**PROBLEM STATEMENT**.
Your copy should match the records below word for word and contain no pictures.

PROVIDED ENTRIES START

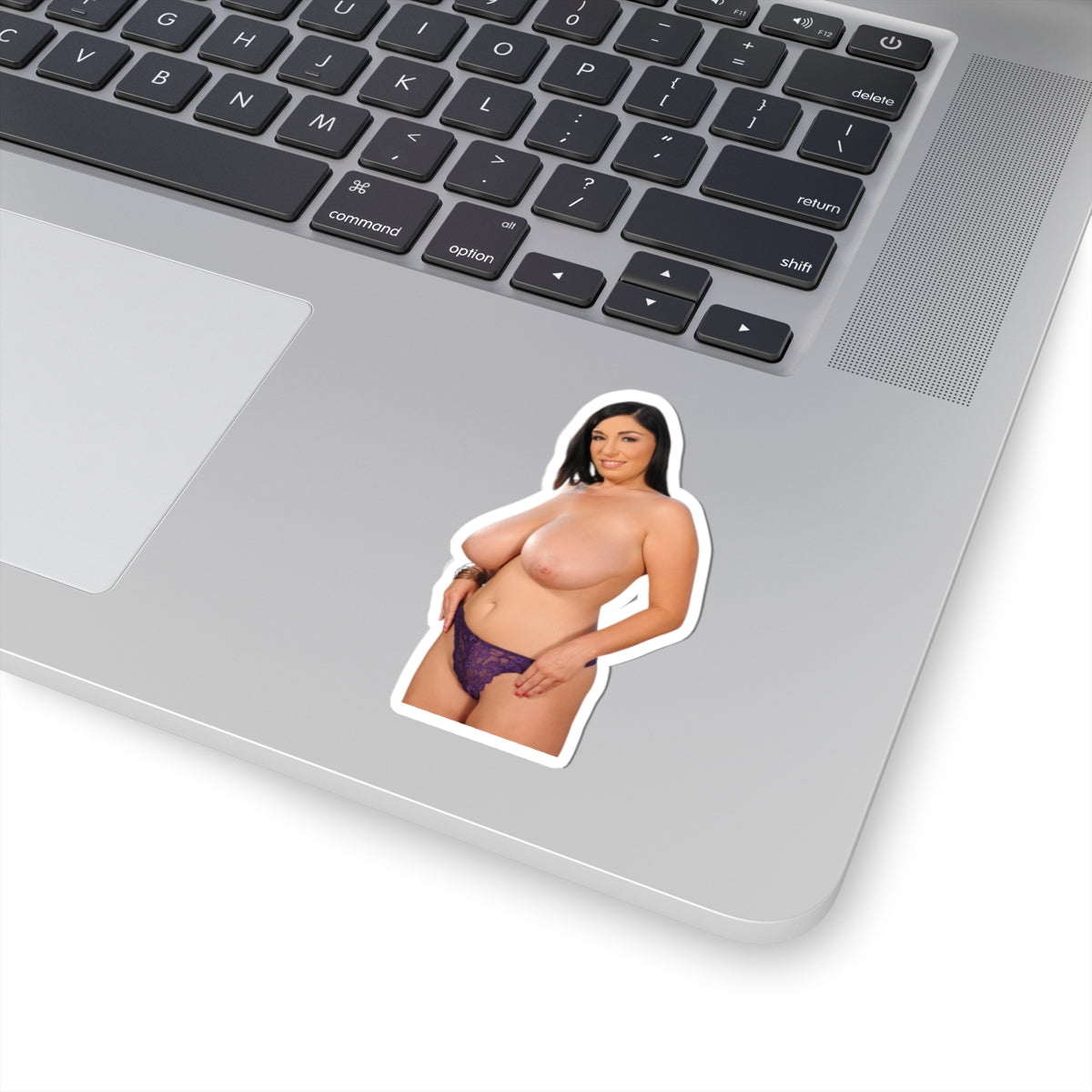 Curvy Pinup Model Sticker Vinyl Decal Sexy Woman Artwork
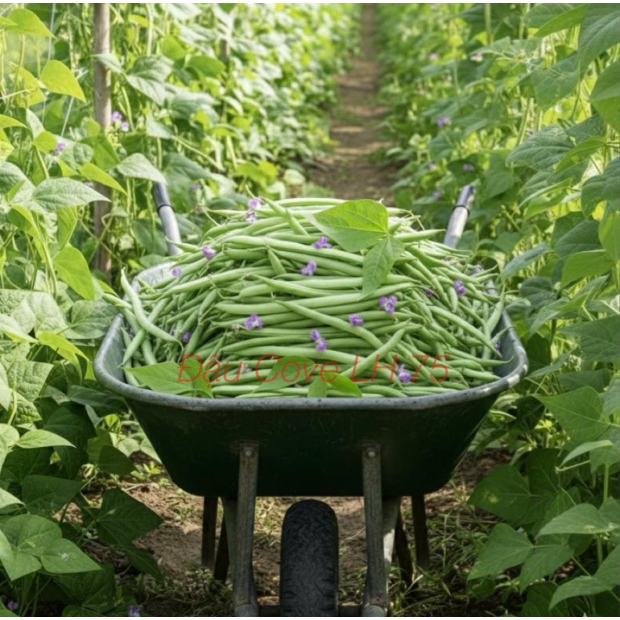 Nhãn đậu cove LH75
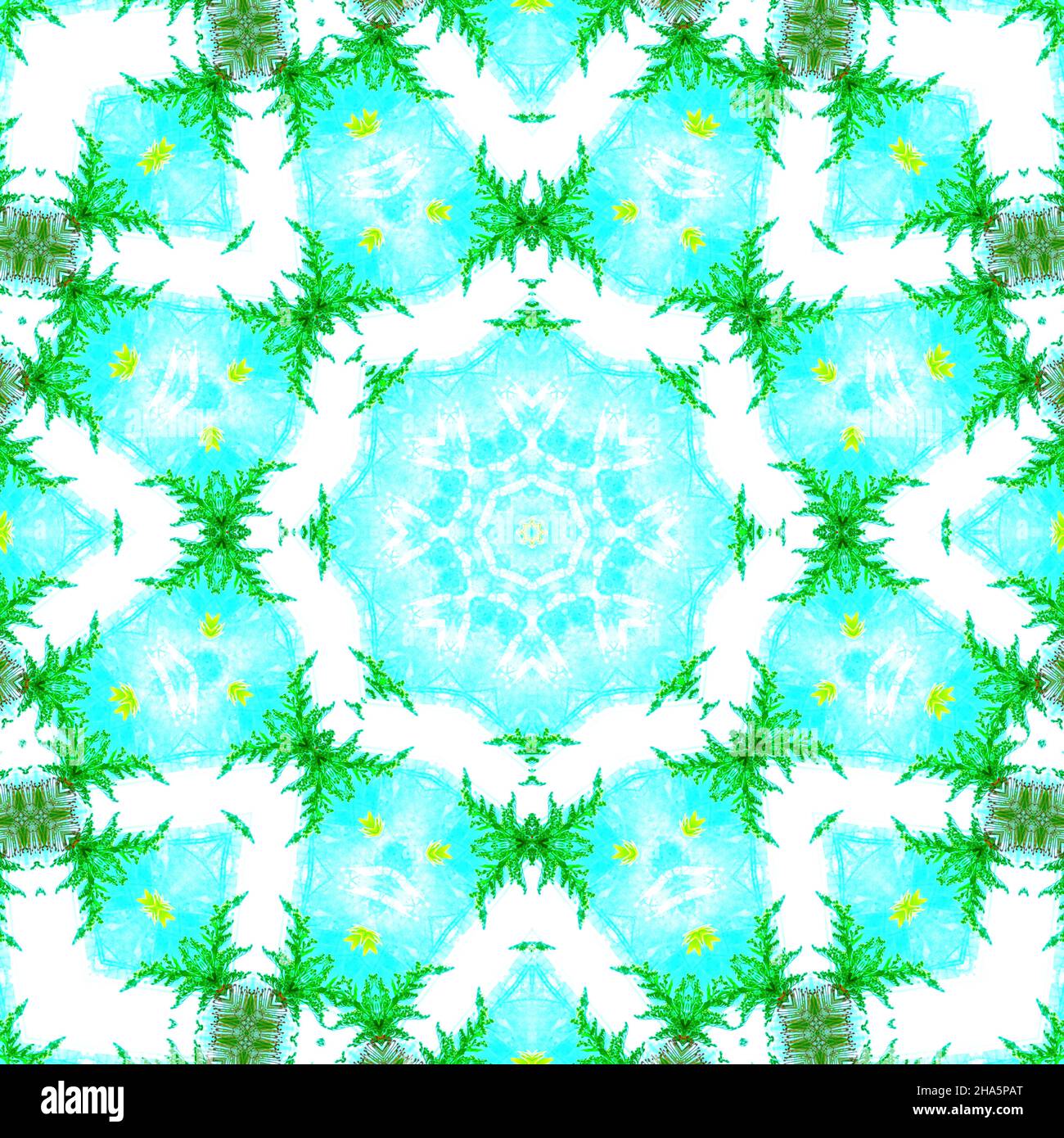 mandala, fleurs, feuilles Banque D'Images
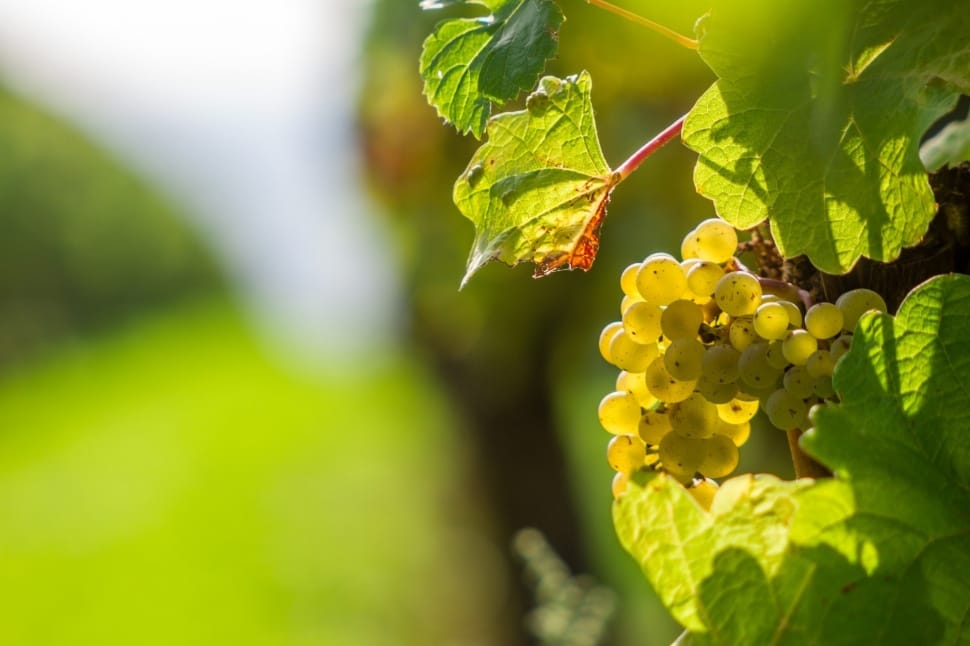 Vine, Grapevine, Berry, Grape, leaf, growth preview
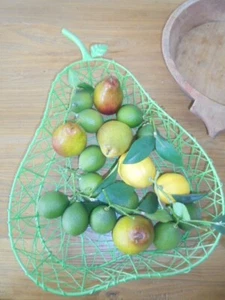 Lime green wire pear shaped fruit bowl - Picture 1 of 7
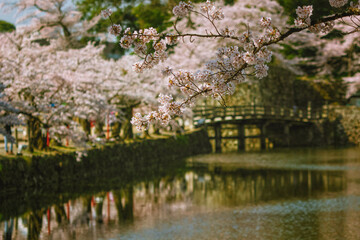 Fototapeta na wymiar 滋賀県彦根市の彦根城周辺のお堀沿いに咲く満開の桜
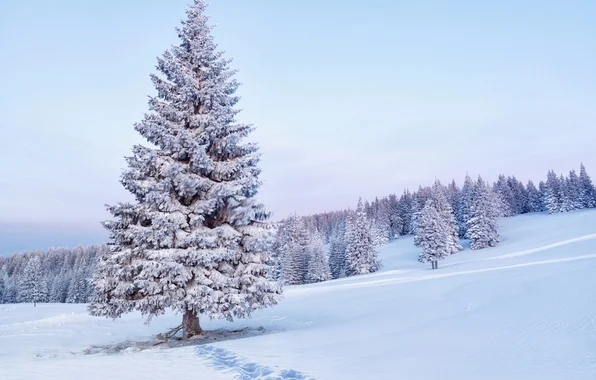 balsum-fir-snow2.jpg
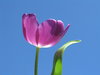 tulipán azul 3: 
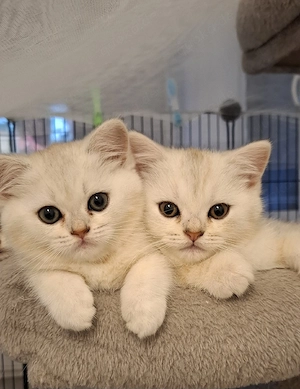Bkh kitten 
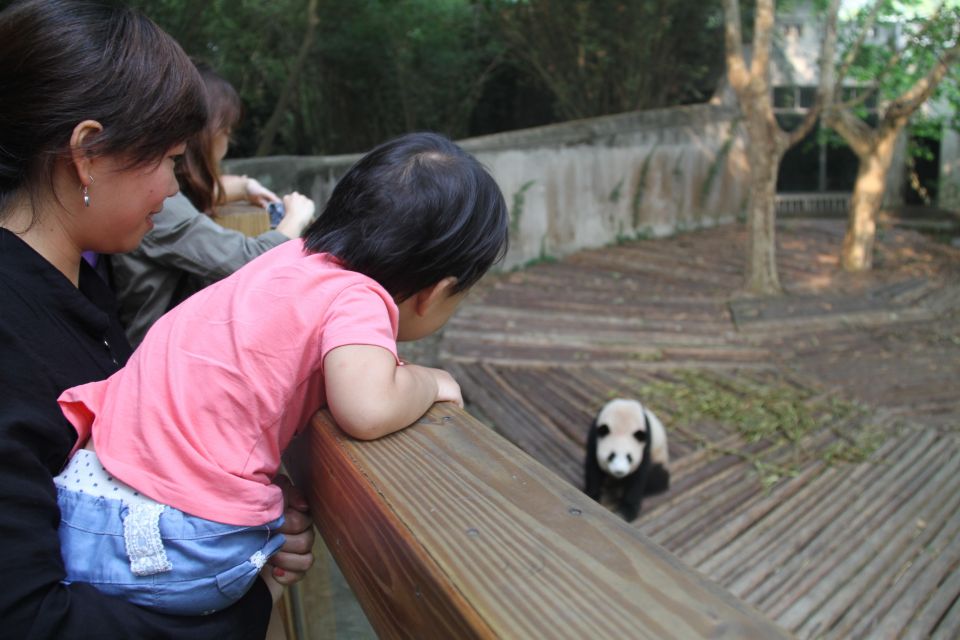 Chengdu: Giant Panda Breeding Research Base Ticket - Starting/Pickup Location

PROVIDED ENTRIES END

**FINISHED EXERCISE**.
 Curvy Pinup Model Sticker Vinyl Decal Sexy Woman Artwork
 Nhãn đậu cove LH75
 mandala, fleurs, feuilles Banque D'Images
 Vine, Grapevine, Berry, Grape, leaf, growth preview
 Lime green wire pear shaped fruit bowl - Picture 1 of 7
 Fototapeta na wymiar 滋賀県彦根市の彦根城周辺のお堀沿いに咲く満開の桜
 balsum-fir-snow2.jpg
 tulipán azul 3: 
Bkh kitten 
 Chengdu: Giant Panda Breeding Research Base Ticket - Starting/Pickup Location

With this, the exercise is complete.